A British portrait artist during July 2017 while staying at 365 Haridwar , the international artist residency programme at AZIMVTH Ashram, on the banks of Ganges and foothills of Himalayas, India made and gifted the following portrait.
Frederic Shoberl, another British writer and illustrator, had the following illustration of Kanwar pilgrimage in his book titled ‘The World In Miniature: Hindoostan’ Vol II published in 1827.
Shoberl writes, ““The appellation of Nemessoura-Caori, or Cavadi, is given to women who make a vow to carry water from the Ganges to Nemessourin, a celebrated pagoda at Cape Comorin, dedicated to Sheeva. This penance is considered as one of the most efficacious for the remission of sins.

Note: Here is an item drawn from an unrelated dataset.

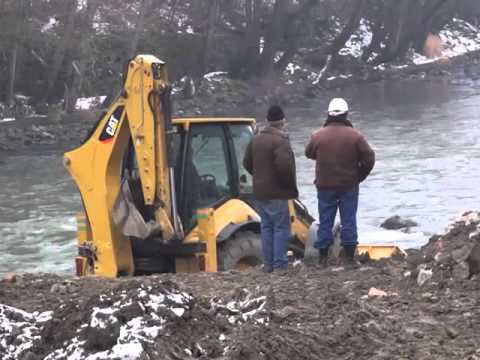 რატომ ანგრევენ ბორჯომში ცენტრალურ გზაზე არსებულ თაღოვან ღვარსაშვებს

Women of the superior castes never perform this pilgrimage in person, but pay considerable sums to substitutes. The opposite plate represents a Nemessoura-Cavadi. The vessels containing the sacred water are set on a kind of mats, fastened by four sticks, in the manner of scales, to each end of a pole, which she carries on her shoulder.
The Hindoos believe that the idol in the temple of Nemessourin was brought by the god Hanooman from the Ganges, by command of Rama; and that the tank which is in the temple was made by Vishnu, with his own hands. The devout go thither on pilgrimage from distant countries: but to render this act meritorious, the pilgrim must previously visit the banks of the Ganges, lie on the ground and fast during the journey, and arrive laden with water from that river to bathe the idol.
The Cashi-Caori, or Cavadi, are a class of Pandarons, who perform the same kind of pilgrimage, with water from the Ganges to Cashi. This water, after being thrown over the idol, is collected and distributed among the devout, by whom it is most religiously preserved. When a sick person is at the point of death, a few drops of it are poured into his mouth and upon head.
The wealthy inhabitants of Malabar employ people to bring them water from the Ganges, which is always received with extraordinary ceremony. To prove that the water was really brought from the sacred river, the bearers take the precaution to obtain a certificate to that effect from the officer of the place, who, moreover, seals the vessel into which it is put, with his seal. Every man, without exception, may be a carrier of Ganges water; for which purpose he need not either be Tadin, Pandaron, or Yogee.”
In 1858, British Robert Montgomery Martin and Emma Roberts in their book titled ‘The Indian Empire Illustrated’ had a beautiful engraving in the book that depicted a man carrying Ganges water in Kanwar.